Anisotropic Flexural Behavior and Energy Absorption of 3D Printed Engineered Cementitious Composites (3DP-ECC) Beams Under Low-Velocity Impact (2025-06)¶

This study systematically investigates the mechanical behavior and energy absorption properties of anisotropic 3D-printed engineered cementitious composite (3DP-ECC) beams under low-velocity impact, with a focus on performance variations across different loading directions. A comprehensive experimental program, including quasi-static compression, tensile, three-point flexural, and low-velocity impact tests, was conducted to evaluate the mechanical response and failure mechanisms of 3DP-ECC in the U, V, and W loading directions. The results demonstrate that 3DP-ECC exhibits significant anisotropy compared to Cast-ECC. Specifically, the W-direction exhibited a 33.4% increase in flexural strength, along with enhanced energy absorption capacity, improved toughness, and reduced strain-rate sensitivity.
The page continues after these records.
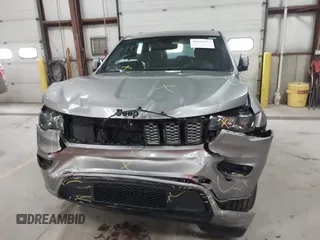 2018 Jeep Grand Cherokee Laredo E with VIN 1C4RJFAG6JC102969, listed as a IAAI auction lot 41963137 with 112,361 mi miles and . Bid and sale history available at DreamBid. Image 12.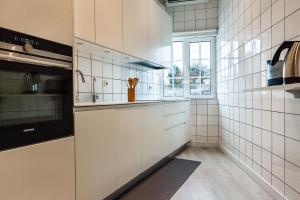 a kitchen with white tiled walls and a window at Cidadela do Viriato Deluxe in Viseu +16 photos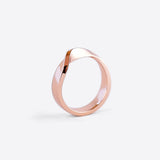 18K rose gold Amor Amos Light Set stackable twisting band ring on white background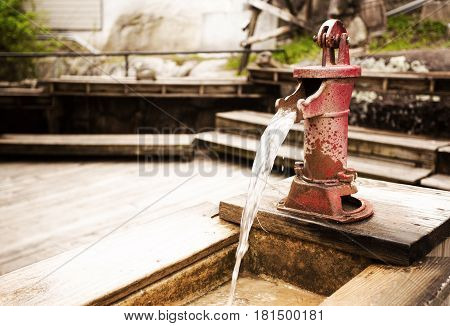 A small red vintage steel water pump mounted on a plank of wood with water pouring out of the spout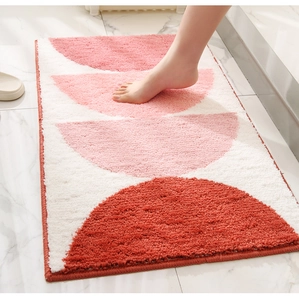 Detail showing thick absorbent texture of a pink geometric bath mat under step pressure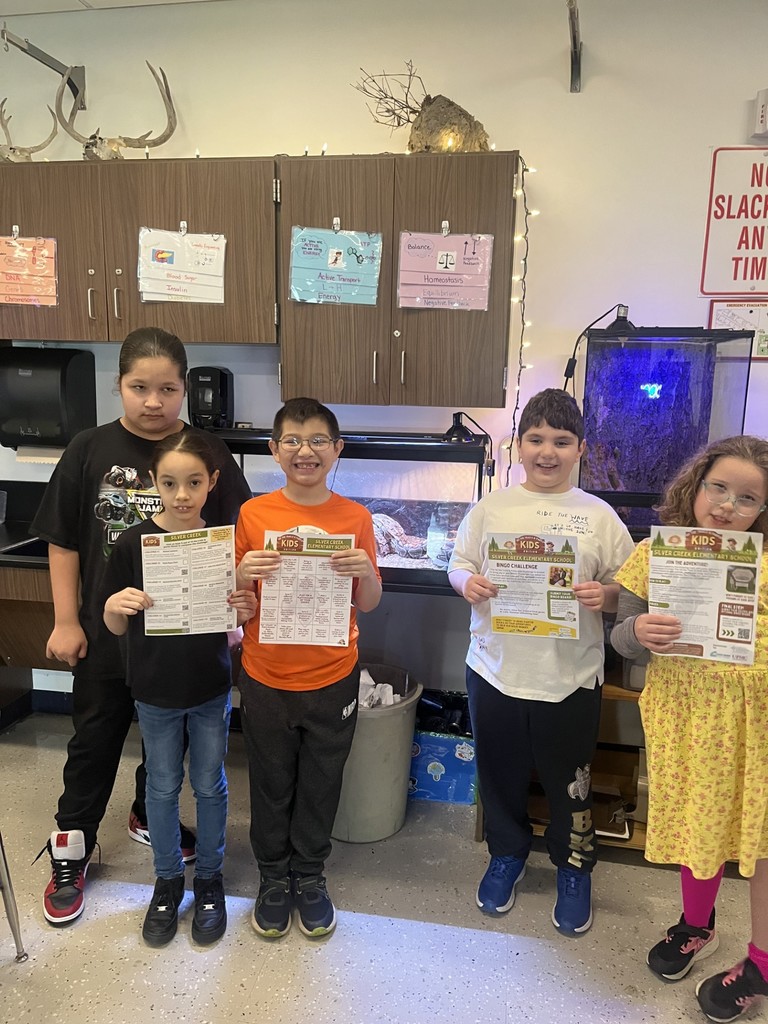 elementary students in the science classroom by the snake cages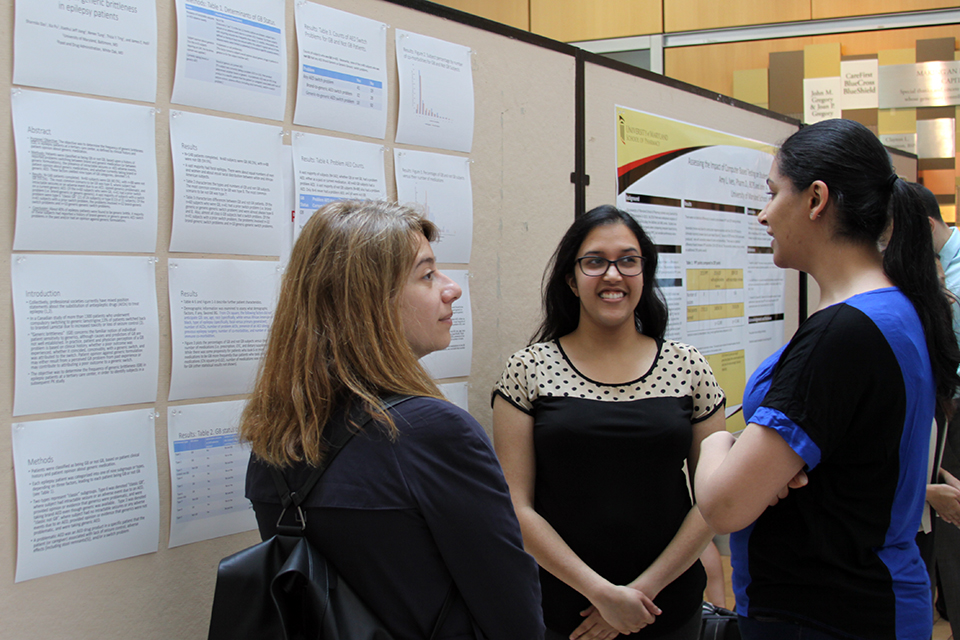 Three students stand in front of a large poster board discussing research in the Ellen H. Yankellow Grand Atrium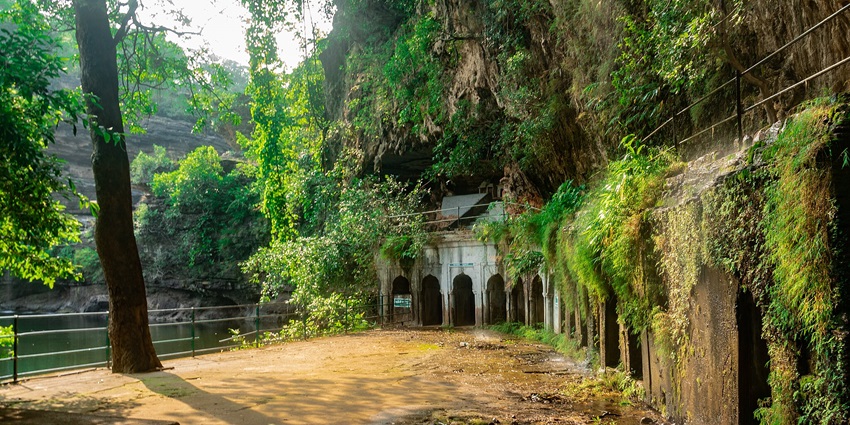 Ancient rock-cut caves, showcasing exquisite carvings and historical significance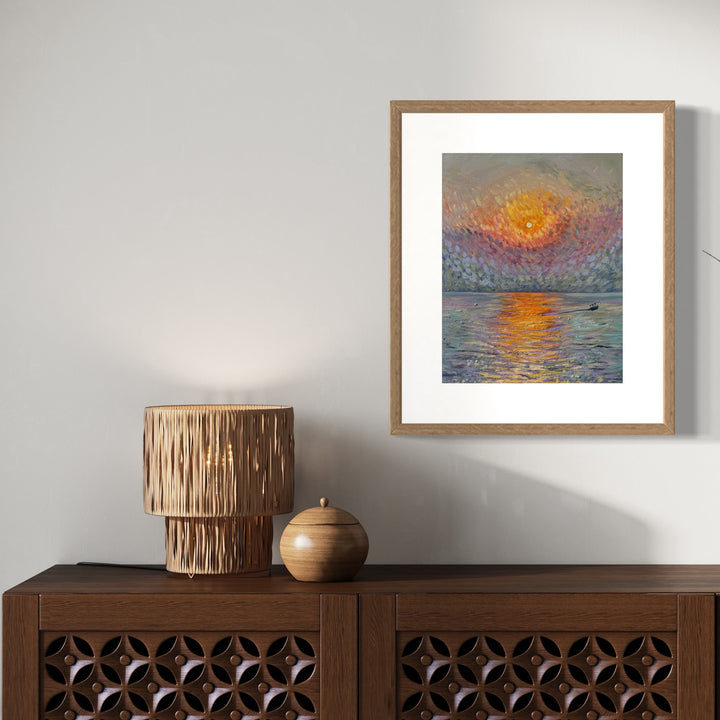 The artwork 'Sunset in Bombay' by Claudia Robles-Gil captures a vibrant orange sun setting over calm waters, rendered in expressive brushstrokes. The sky features a textured blend of coral, purple, and gold hues, while the water reflects the sun's glow in rippling patterns. Oil on canvas, framed in natural wood, 14x11 inches. By Claudia Robles-Gil.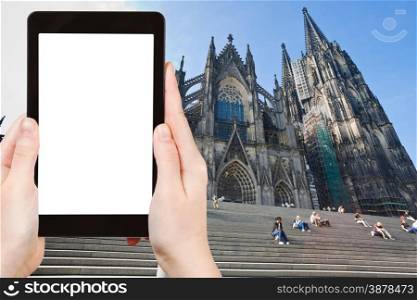 travel concept - tourist photograph Cologne Cathedral, Gernany on tablet pc with cut out screen with blank place for advertising logo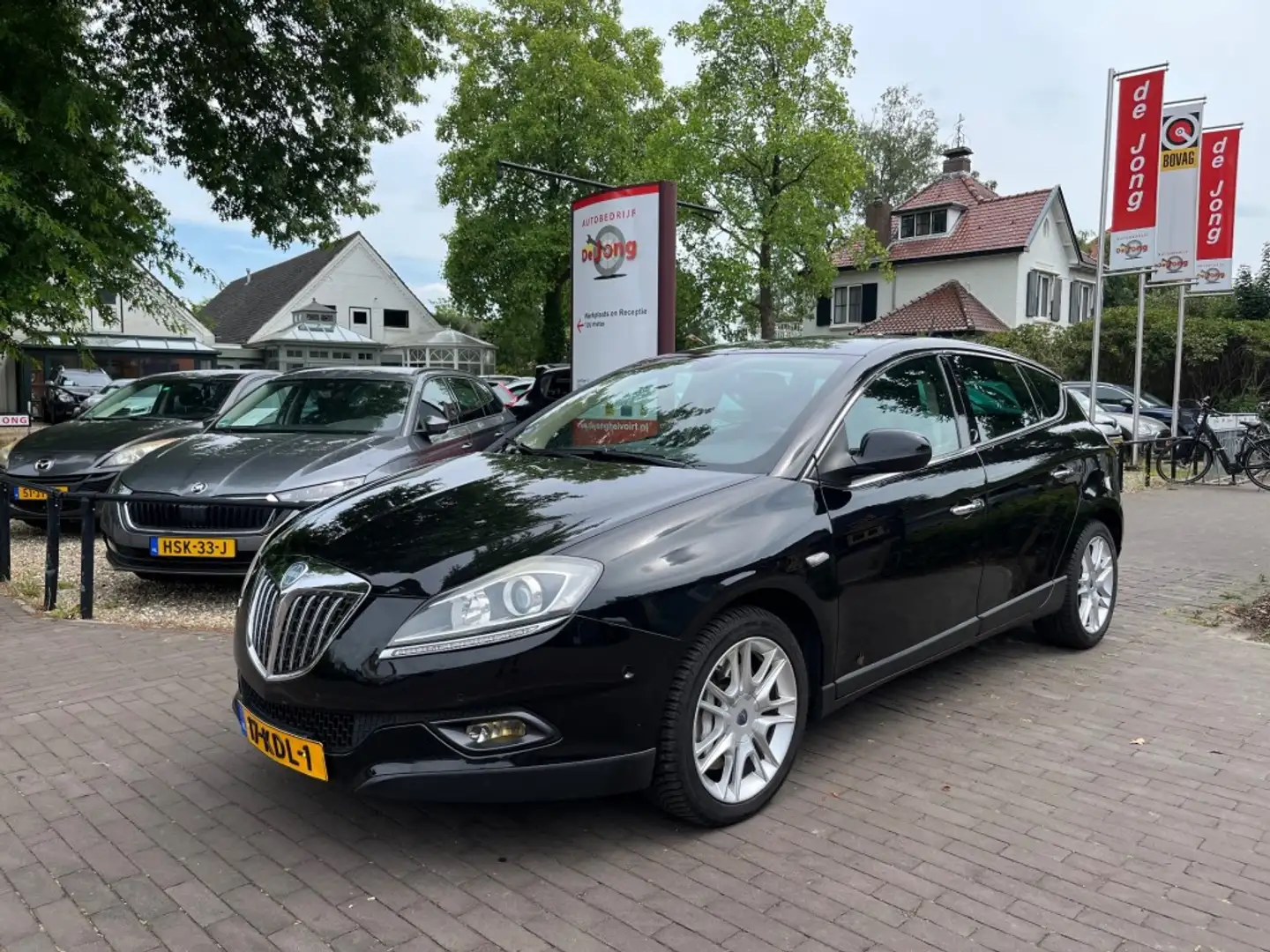 Lancia Delta 1.8-16V DI ORO AUTOMAAT / NAVI / CRUISE CTR. / PDC Zwart - 1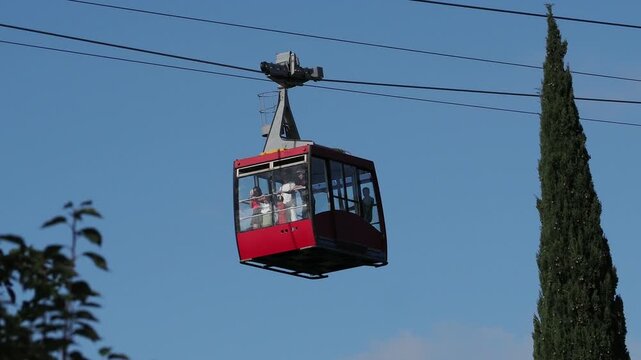red funicular car leading to the top of the old mountain. The tourist car rides above rocky mountains dotted with cypress trees. Cable car cabins amazing sky and clouds. Cableway, green transportation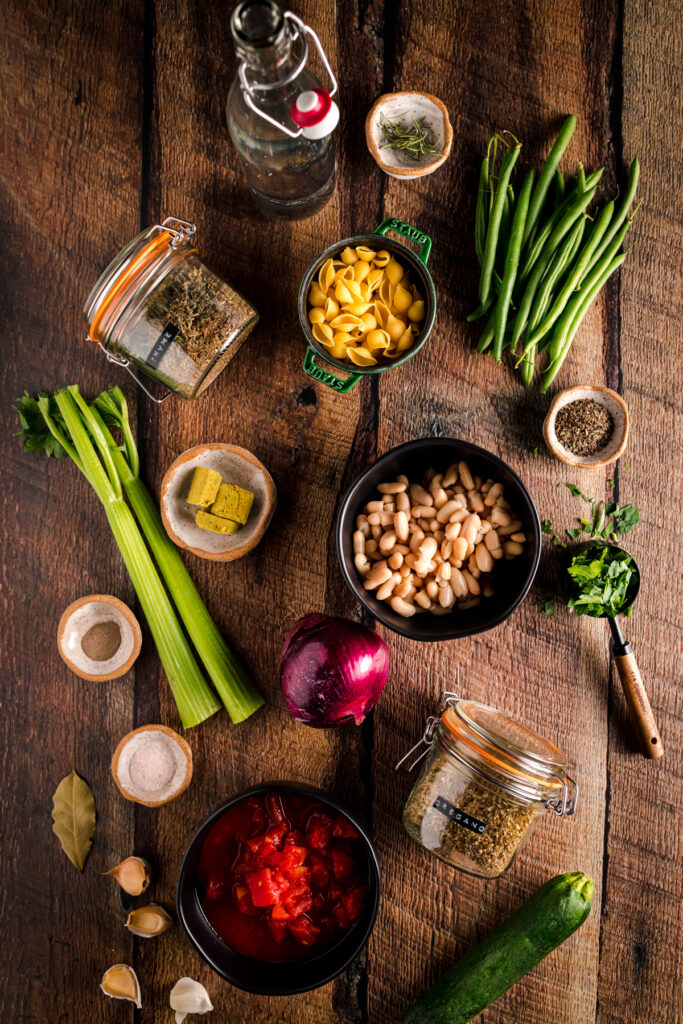 A variety of ingredients are arranged on a wooden table.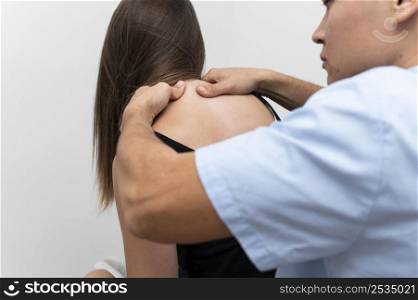 physiotherapist massaging female patient s upper back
Additionally, a novel methodology for calculating inertial forces and a predictive model for energy absorption were developed, categorizing impact energy into components associated with matrix fracture, fiber-matrix interactions, and inertial effects. The findings indicate that 3DP-ECC in the W-direction offers optimal impact resistance, while the U-direction exhibits the highest inertial force and acceleration, which may pose risks to structural integrity. This research offers valuable insights into the optimization and application of 3DP-ECC in impact-resistant infrastructure.